TASK ITEM → Omit the images. Copy each entry word for word.

(PROVIDED MATERIAL begins)

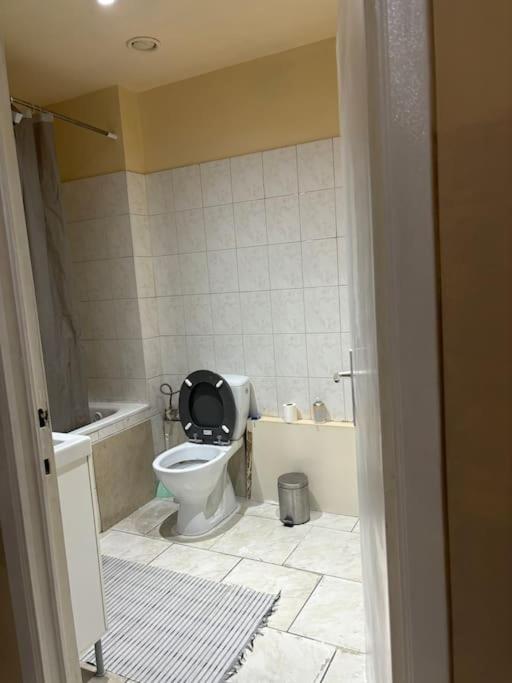 Apartment For Rent Брюксел Екстериор снимка
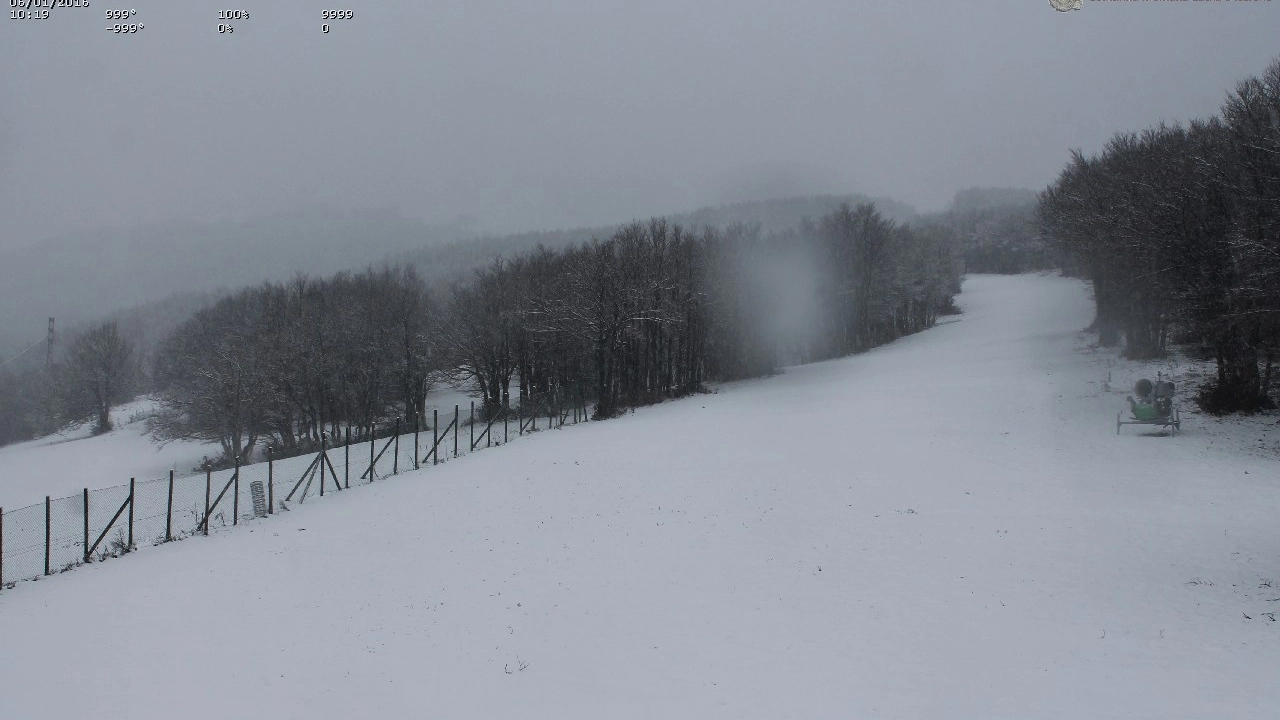 la neve sul monte Nerone in un'immagine della webcam del rifugio Corsini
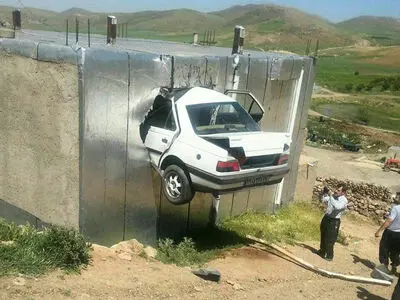 برخورد عجیب پژو405 با یک واحد مسکونی(عکس)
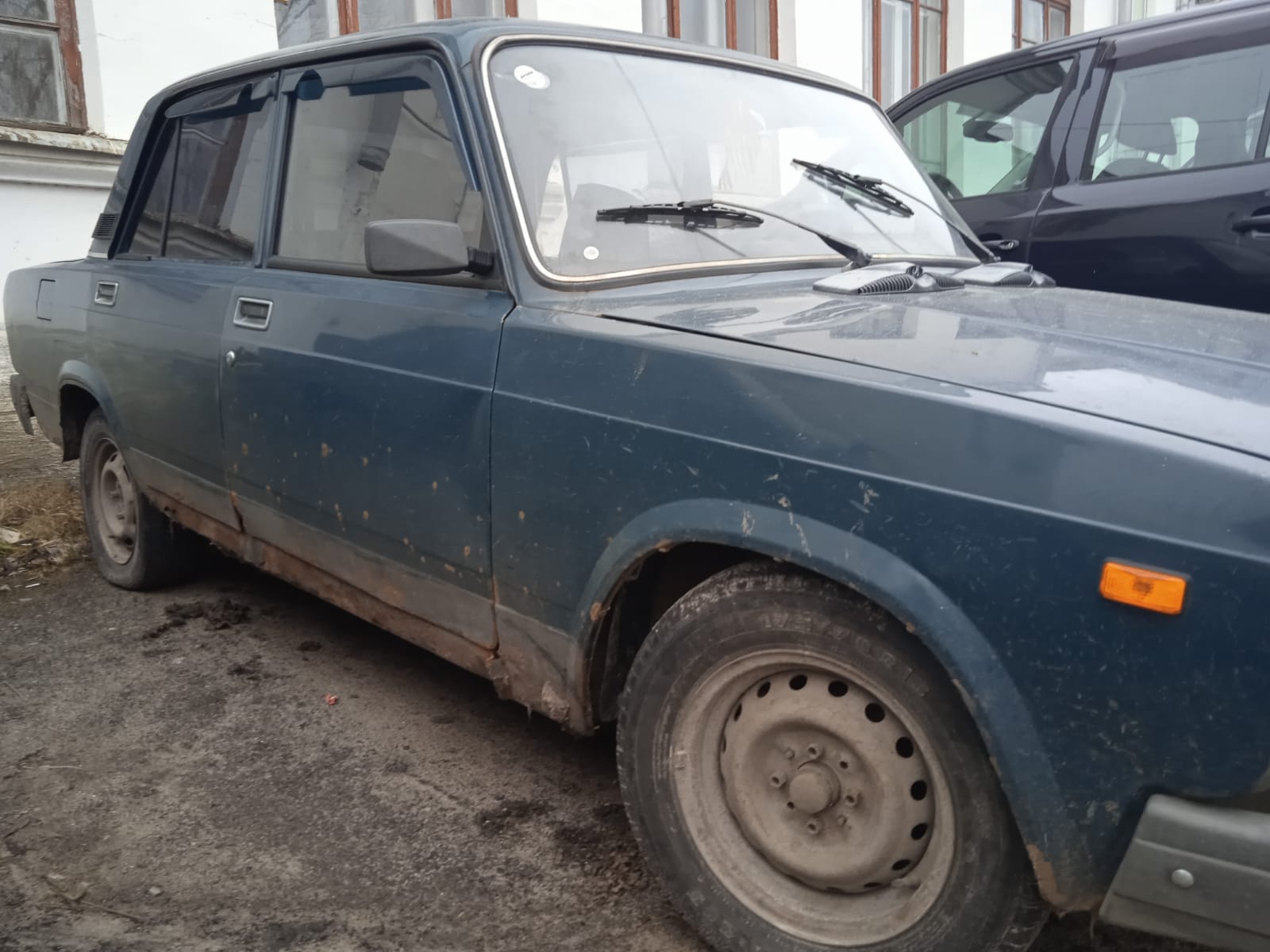 Автомобиль ВАЗ-21074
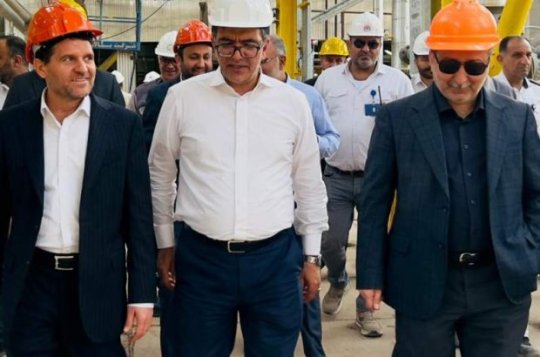 مدیر عامل شرکت ملی صنایع پتروشیمی به همراه تنی چند از مدیران NPC از شرکت پتروشیمی هنگام بازدید کردندتصویر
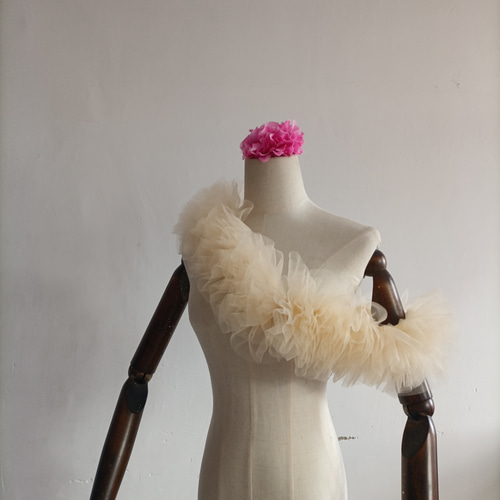 送料無料！ 人気上昇！3WAYS取り外しオフショルダー つけ襟シャンパン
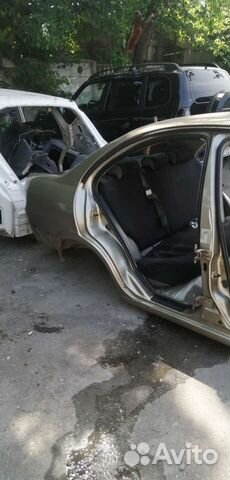 Заднее правое крыло ниссан альмера н16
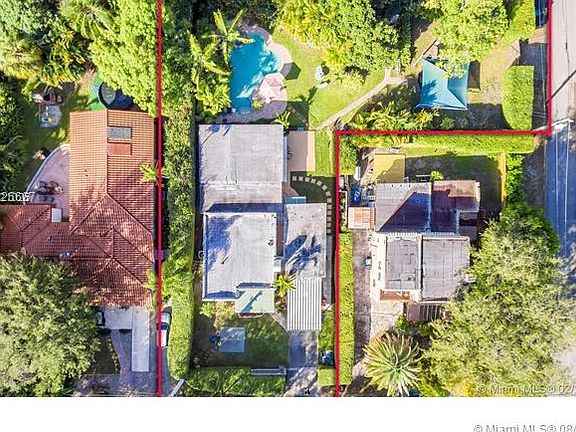4th image of 11380 NE 8th Ave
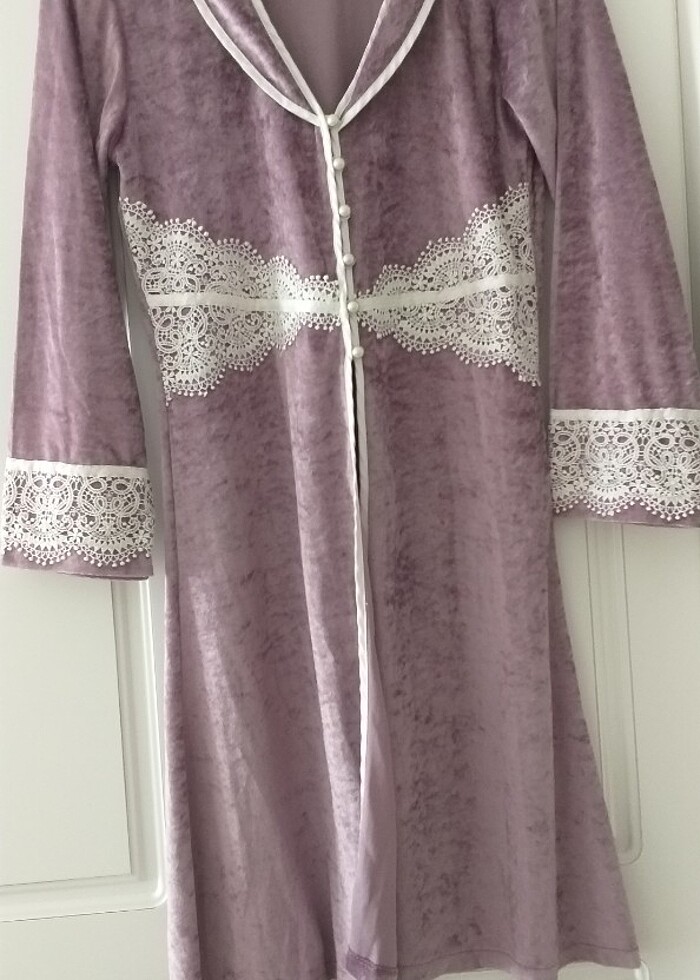 Kadife dantel dataylı sabahlık  - Görsel 3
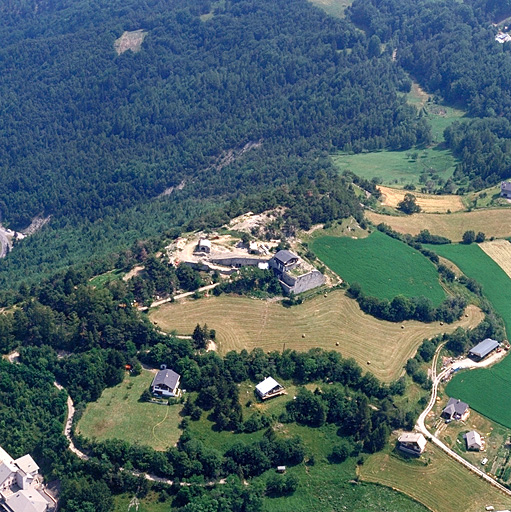 ouvrage fortifié (redoute) dit redoute de Chaudon, de l'organisation défensive de l'Ubaye.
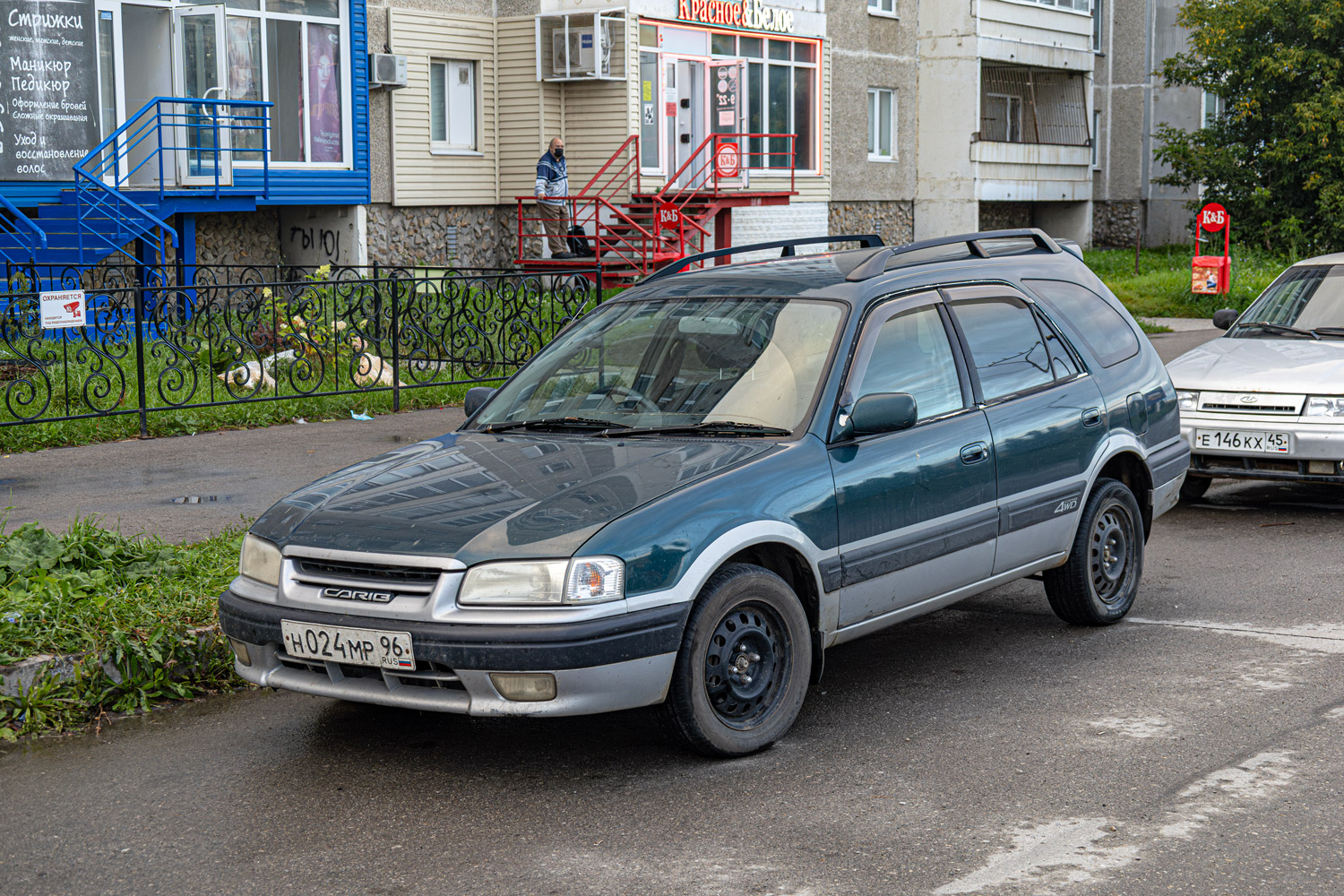 Свердловская область, № Н 024 МР 96 — Toyota Sprinter Carib (AE110G) '95-02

(PROVIDED MATERIAL ends)

RESPONSE TO THIS TASK →
 Apartment For Rent Брюксел Екстериор снимка
 la neve sul monte Nerone in un'immagine della webcam del rifugio Corsini
 برخورد عجیب پژو405 با یک واحد مسکونی(عکس)
 Автомобиль ВАЗ-21074
 مدیر عامل شرکت ملی صنایع پتروشیمی به همراه تنی چند از مدیران NPC از شرکت پتروشیمی هنگام بازدید کردندتصویر
 送料無料！ 人気上昇！3WAYS取り外しオフショルダー つけ襟シャンパン
 Заднее правое крыло ниссан альмера н16
4th image of 11380 NE 8th Ave
 Kadife dantel dataylı sabahlık  - Görsel 3
 ouvrage fortifié (redoute) dit redoute de Chaudon, de l'organisation défensive de l'Ubaye.
 Свердловская область, № Н 024 МР 96 — Toyota Sprinter Carib (AE110G) '95-02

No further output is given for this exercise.